▶ _ASSIGNMENT_
Transcribe the records below from the first line to the line that includes "CulturalEnrichmentIsNotNice - Kolejna", inclusive, and omit the pictures.

Stored data entries:
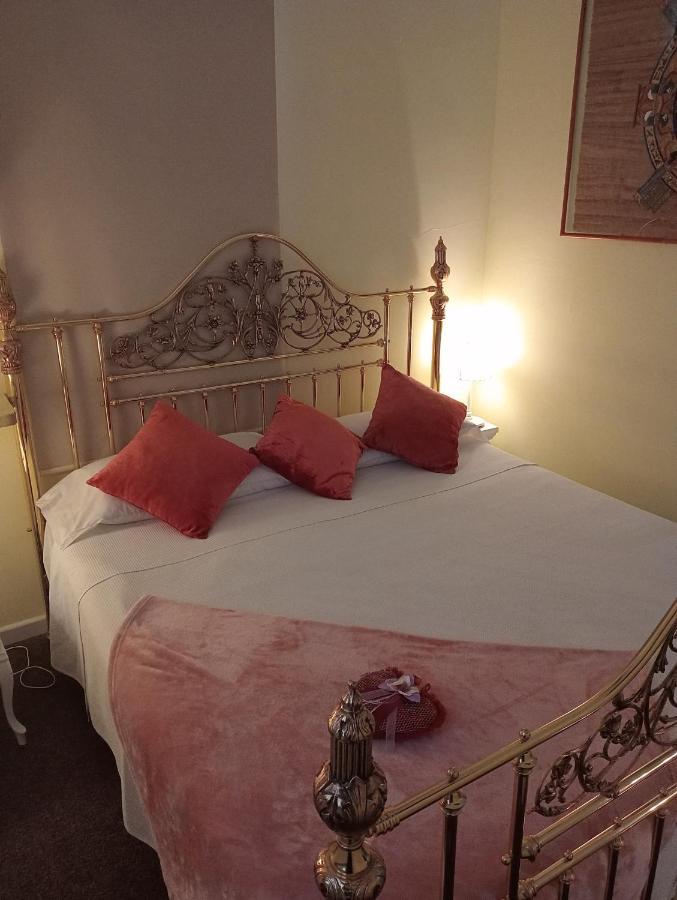 Tu Mansion Guest House Навалкарнеро Екстериор снимка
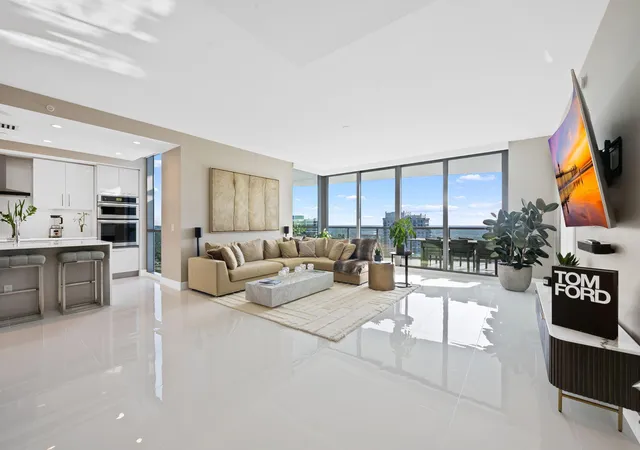 3rd image of 100 E Las Olas Blvd #3804, Fort Lauderdale, FL 33301 | MLS# B26050114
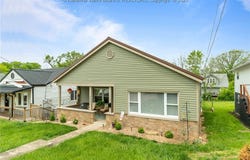 2258 Curtis Avenue, St Albans, WV 25177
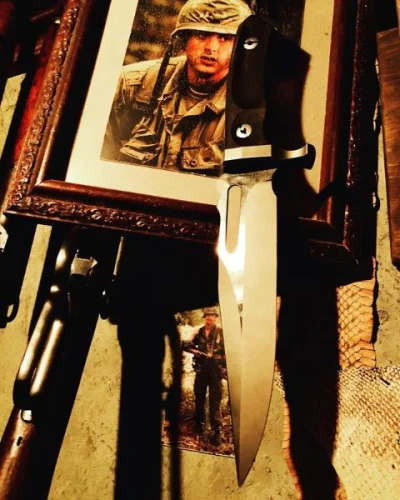 CulturalEnrichmentIsNotNice - Kolejna fota od Stallone'a. Jest nóż oraz z zdjęcie ze ...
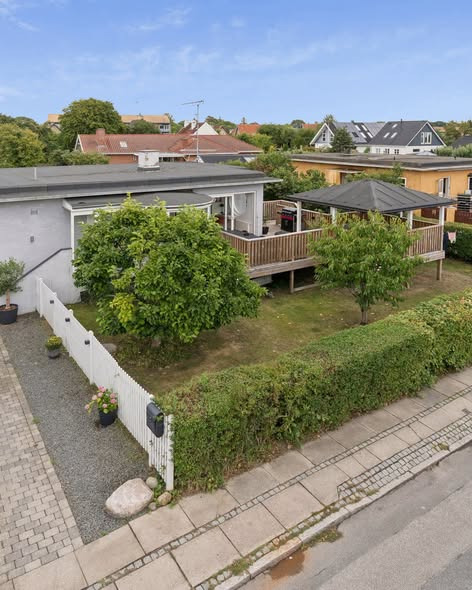 Nybolig Hvidovre præsenterer rummelig villa på Plovheldvej 9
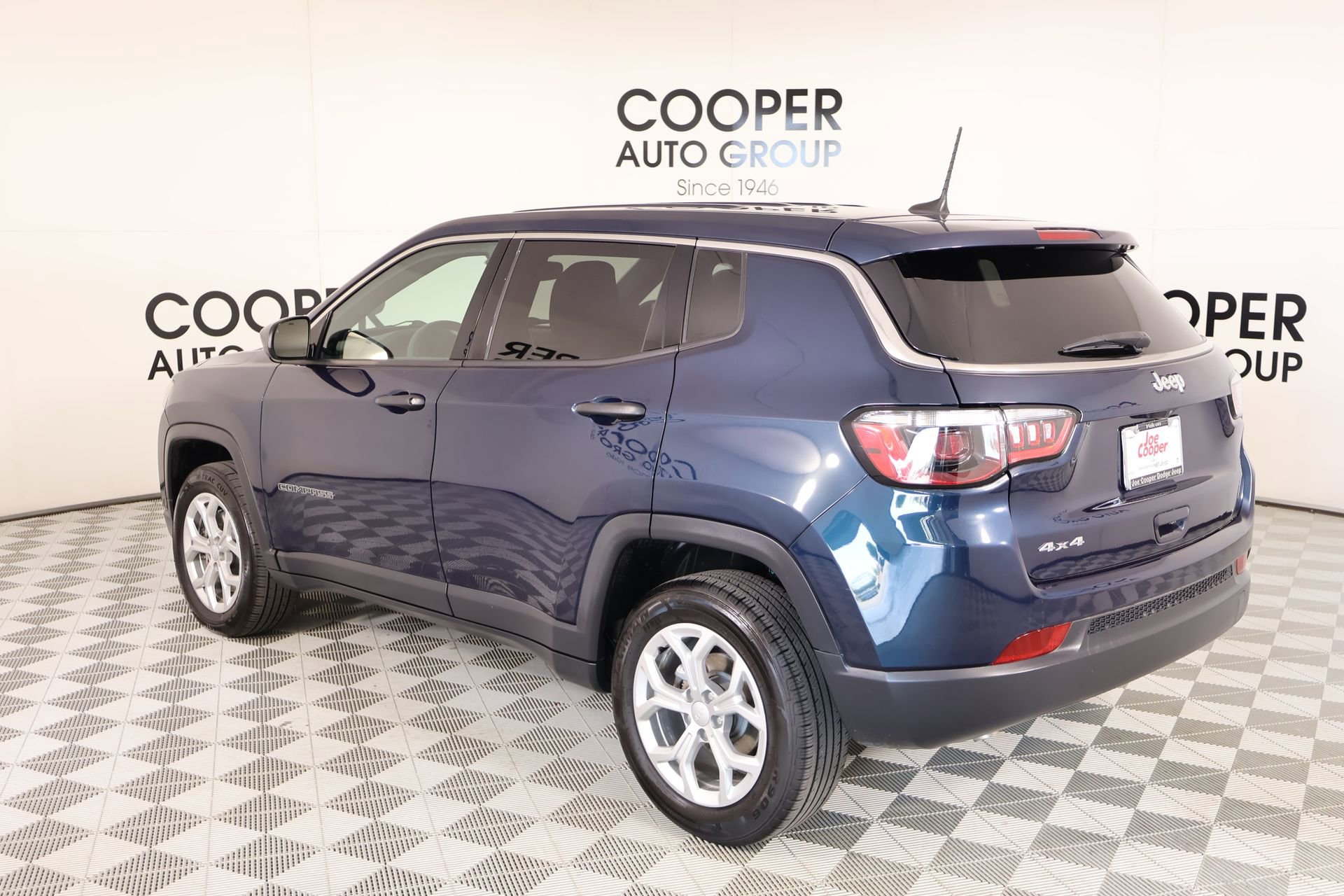 Used 2024 Jeep Compass Sport AWD/4WD image 21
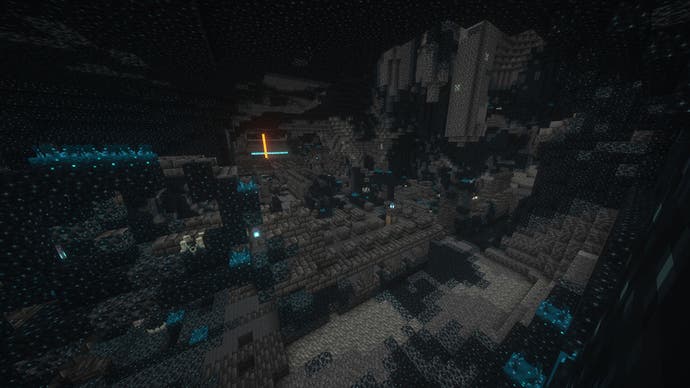Eine große uralte Stadt im Deep-Dark-Biom in Minecraft, mit einem Lavafall in der Ferne.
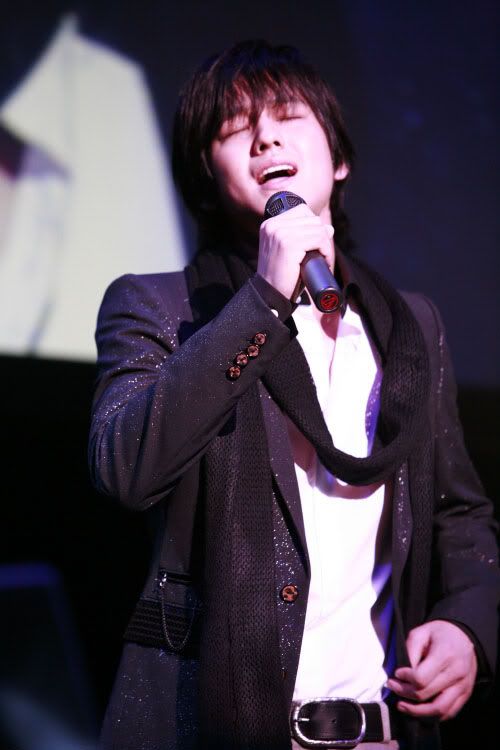 Kim Bum sings for Japan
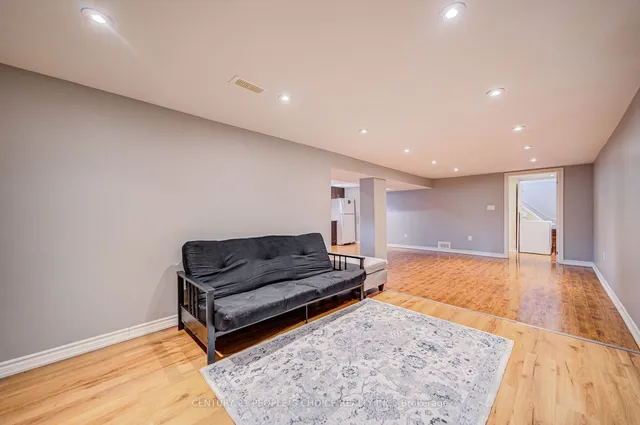 Additional image 29 of 5469 Randolph Cres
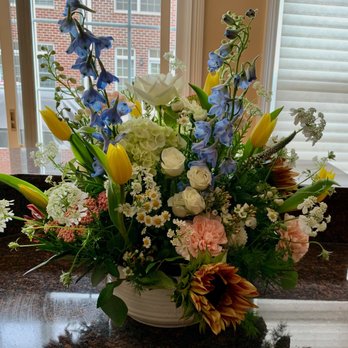 DLN Floral Creations - Amazing Flowers - Florists Near Me - Naperville, Illinois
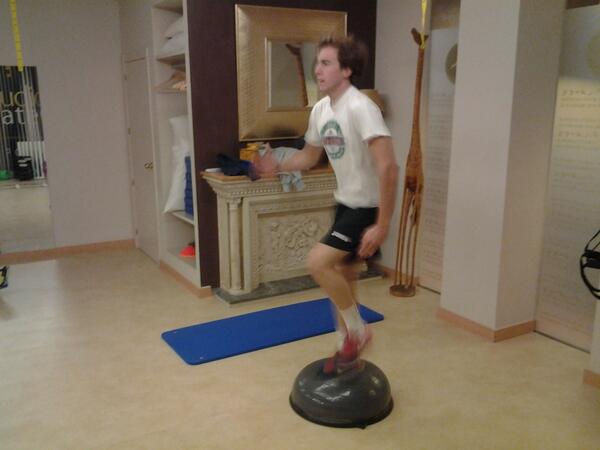 Biocorporal's tweet photo. Primera sesión de entrenamiento inteligente con @RomanCollado ,año importante para él que contara con ntr servicios http://t.co/AHSZMZbwWu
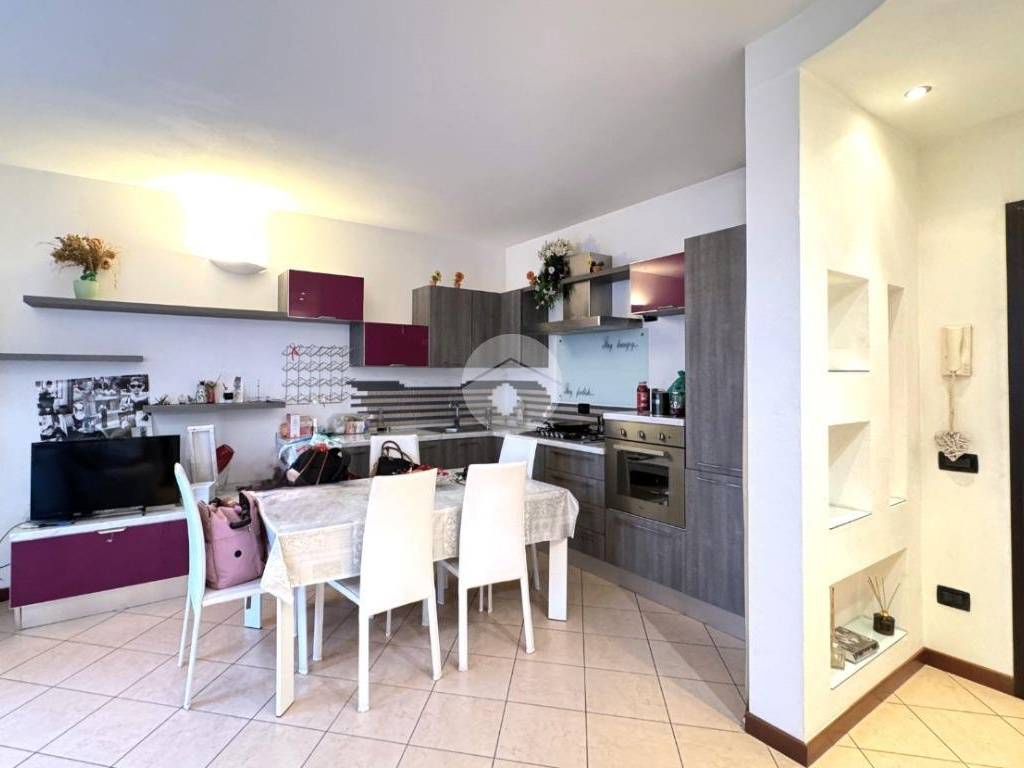 Appartamento a Curtatone in Via Antonio Segni, 39 - Foto 3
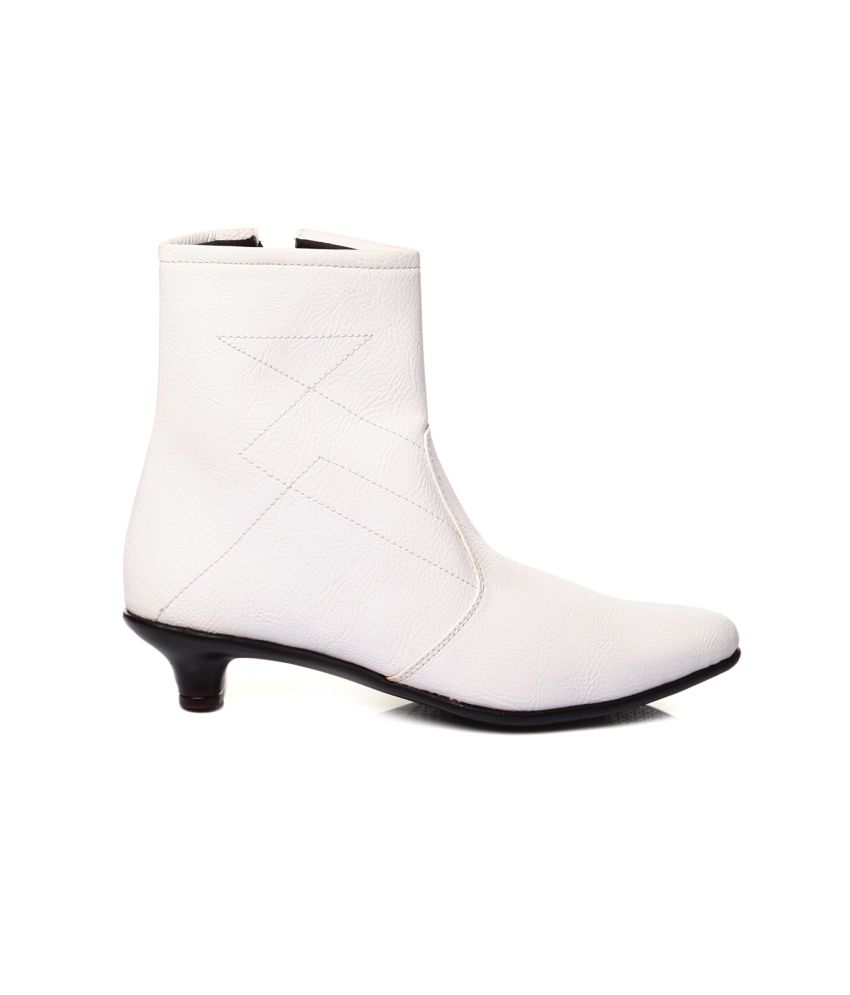 snapdeal boots for womens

▶ _SOLUTION FOR THIS EXERCISE_
 Tu Mansion Guest House Навалкарнеро Екстериор снимка
 3rd image of 100 E Las Olas Blvd #3804, Fort Lauderdale, FL 33301 | MLS# B26050114
 2258 Curtis Avenue, St Albans, WV 25177
 CulturalEnrichmentIsNotNice - Kolejna fota od Stallone'a. Jest nóż oraz z zdjęcie ze ...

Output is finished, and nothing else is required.